The weekend continued with much discussion and thought, as I expected it would.

I've had lots of comments both public and private.

The more that people say to me, with completely pure intentions, let it go, you probably misunderstood the situation, the less able I am to stop replaying it.

I do truly know all the different variations on kids will be kids and mean girls and bullying and so on. I really do.  I grew up the weird kid. The super short kid. The kid with glasses. The kid with the dental head gear. I had kids pick on me for things I didn't even think of.

I know that my kid can often be a big old pain in the butt and people don't want to be around her.

In the vein of kids will be kids, I know that sometimes kids do just ignore other kids for no other reason than they can.

My family moved around a lot when I was in school. Just the luck of the draw. Navigating social waters could be tricky.

I know what it's like to be shunned and ignored.

My first week of high school in a small town, I was the new kid.  I moved into the tiny city the summer between 8th grade and high school.

That first week, not a single student spoke to me.

Not. One. Word.


As far as I can tell, it was because I was the new kid.

Things happen.

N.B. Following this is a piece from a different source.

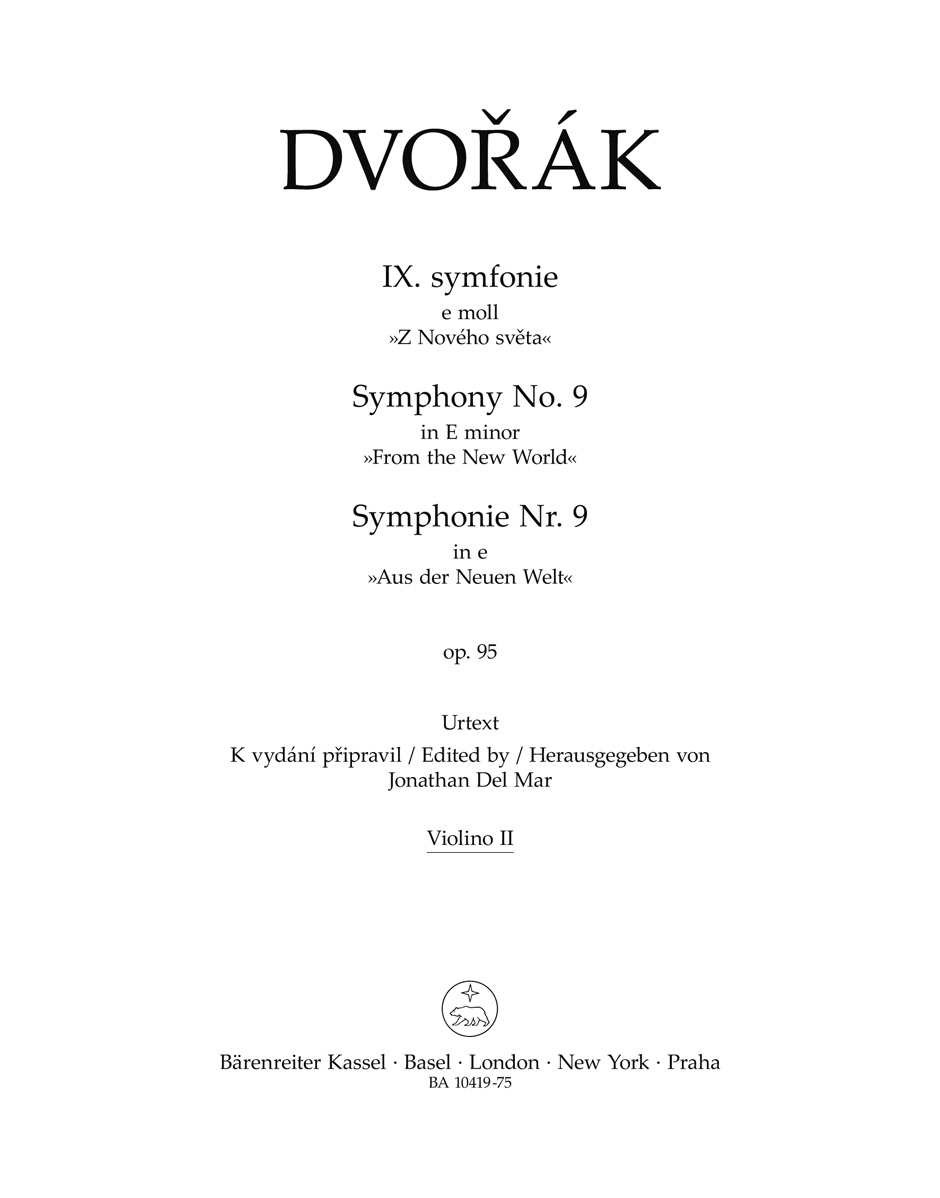 Symfonie č. 9 e moll op. 95 „Z Nového světa“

To all of us.

I wonder though, if the blog responses, your responses, had been different if I had laid out my feelings and my daughters experience and never ever shared that she was the only black child on  her team.

I wonder if your responses would have been different if I had never used words like racism.

Part of what's getting to me and making me think, no, I'm not wrong, I saw what I saw and what I saw was my daughter experiencing racism, is how many of you are saying to me, you probably saw something else.

Why does it ruffle feathers so much?

Another piece of the puzzle, that is sort of cementing the issue for me, is the oblivious consent by omission from the other parents present.

These are still little kids we're talking about. These are little girls, still at the ages where we as moms are still really jumping in, hands on, trying to coach and teach our kids the ins and outs of making and keeping good girl friends. This is the age where we are still helping our kids make introductions to each other and help them make small talk and find things in common.

And yes, before you ask it, I did, on the very first day, go with my girl and help her make those introductions. We tried hard to make the small talk and start the connections. I know they don't happen instantly. I never expected her to play on this team and make a lifetime best friend.

I did hope though, for some smiles and small talk for her.

What I saw this weekend though, struck me as something that is bigger and stretches further than my girl being shunned by a few other girls.

I noticed that I was the only parent noticing.

None of the other parents saw what I saw.

I saw my girl walk over to the after game area. She was one of the first ones there, because she was walking alone. She picked a spot to sit, right in the middle!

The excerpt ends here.